Many of my friends have heard this story so often they could recite it from memory. But once more: Nearly a lifetime ago
three boys at Greensboro's Page High School began playing guitars and an old tenor banjo, with a plan to become the next Kingston Trio. It didn't happen. But the band's members continued to play when they could over the next five decades. Two died along the way, one in an auto accident, one from cancer, but still sang the folk songs of that era.
And the Kingston Trio still prospers, directed by Bob Shane, the surviving m
ember of the old band, and his wife Bobbie. The band is still on the road with a newer generation of Kingstons, entertaining audiences everywhere with the songs that made the trio the hottest musical group in the world for a few years. They're recorded most if not all of the recordable folk music, so they've taken to making new albums with new material. 
A first such writer's project album with some excellent songs came out a few years ago, and a call went out three years ago for more submissions. My lifelong friend Wood Allen asked me to write a song, took the result, edited it and put it to music before sending it in to the Kingston Trio. They liked it. In 2014 we flew out to Chandler, AZ to see the song put together in the sound studio, and have been waiting ever since for the remainder of the album to be recorded, mixed and produced. It seemed to take forever, but with the trio on the road so often, it was hard to get everything done.
Wood Allen, left, and I work out the timing for "On The Wind," our newest (ok, and onliest) song, to be published by the Kingston Trio in August at the 18th Annual Kingston Trio Fantasy Camp in Scottsdale, AZ


Now comes word from the Kingston Trio website, sent along by fellow Kingston Trio fan Sue Keller, that it will happen this summer at the 18th Annual Kingston Trio Fantasy Camp in Scottsdale, AZ:
Sue Keller
April 13 at 5:17pm
From the KT website:
New CD Release Date 
Our apologies for all of you who are waiting so patiently for The Kingston Trio's new CD. Bob Shane has decided that he wants to hold off the release of the CD until Kingston Trio Fantasy Camp (August 8th - 12th). 
For one thing most of the contributing writers will be there and Bob thought that releasing it then would honor them, plus where better place to release it, especially since this is the 60th year of the Kingston Trio. That's a jubilee!! 
The CD will go for sale online at The Kingston Trio Store during that time too, so don't worry if your can't be at camp. We'll have it for you at the same time. 
It's only 4 months away and will be worth the wait!

Wednesday, March 15, 2017

How the granddad I never met helped fix the water system the other day

When the former Party Doll Strickland asked "Hey, is the well out of water, or something?" the other morning, I knew it was going to be a long day.  I was wrong. Turned out to be several long days, but this story has a happy ending. My grandfather, Charles Smith Minor Sr. of Anderson S.C., died a decade before I was born, but among the things I eventually inherited more than half a century later was his set of Handy dies and taps, fitted neatly into a hinged wooden box with slots and discs routed out to hold these tools.  The helped save the day when we discovered, long after we should have, that our water supply system up here in the Blue Ridge Mountains had three separate leaks, spread out over more than 300 feet of horizontal pipe and another 250 or so feet of pipe down in the well.

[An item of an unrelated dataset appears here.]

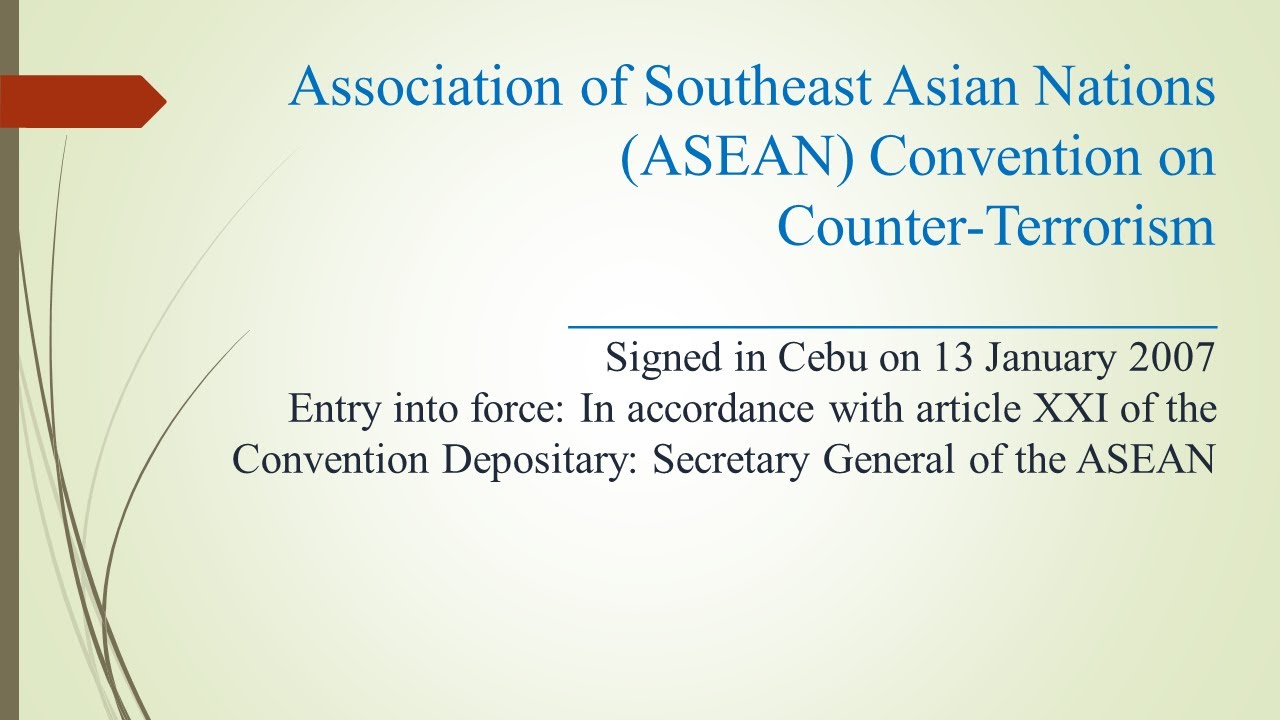 Association of Southeast Asian Nations Convention on Counter Terrorism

But I'm getting ahead of the story. On that Tuesday when all of a sudden we didn't have any water, I took a quick look at the water pressure tank and gauge under the house.  Tank looked ok, but you can't really tell anything by looks.  The pressure gauge, however, told the short story: There was near zero water pressure, and after turning the pump breaker off for 15 minutes, then back on, the pump had reset itself -- and I watched as the water pressure came up, then dropped back down, then came up, then dropped back down.

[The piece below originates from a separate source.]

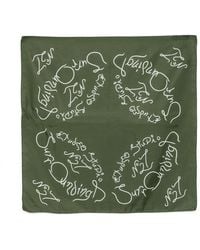 Etudes Studio - Foulard À Design Carré - Lyst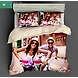 Personalized Bed Sheet with Pillow Cover-4-sm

I know a few things about water wells and pumps and pressure tanks from a summer job many years ago with Bainbridge & Dance Water Well Co. in Guilford College, N.C.   And I know a little about leaks, so I called a couple of plumbing contractors and explained the problem.  That's how I met the Pump Man, as he is known around Floyd VA.  His real name is Rick Gibson, and in a quick trip out he determined that the pressure tank's internal bladder had gone bad and that the tank itself was waterlogged. That pressure switch didn't look any too good, either, rusting away as water dripped down one side, and part of a wire showed copper. Not good.

A couple days later, Rick was back with a new pressure tank and switch.  He made short work of installing it -- cutting the old tank out and removing the bad switch, and putting in the new ones. And then we watched the pressure gauge as the water dame up, then dropped back down, then came up.... Well, you know the story there: Another leak.

So we traipsed 300 feet down the hill to my workshop, where there's a frost-free hydrant where I get water for various projects in the workshop or the barn. There's a big handle on top that lives a four-foot internal rod with a rubber blob at the low end.  Lift the handle and water flows; push the handle back down and the rubber blob stops the flow of water -- and nearly as importantly, a small hole in the pipe casing allows the four-feet of trapped water to trickle out. So the water doesn't freeze, and the frost-free hydrant can be used even in cold weather.  Rick put his ear to the galvanized pipe sticking up out of the ground, listened intently for a moment, and invited me to do the same: we could hear water running constantly, which mean this was where the second leak was.  Would we have to dig it up and replace the whole hydrant?  "Don't know yet," Rick said.  "This is the kind of thing that takes the fun out of plumbing."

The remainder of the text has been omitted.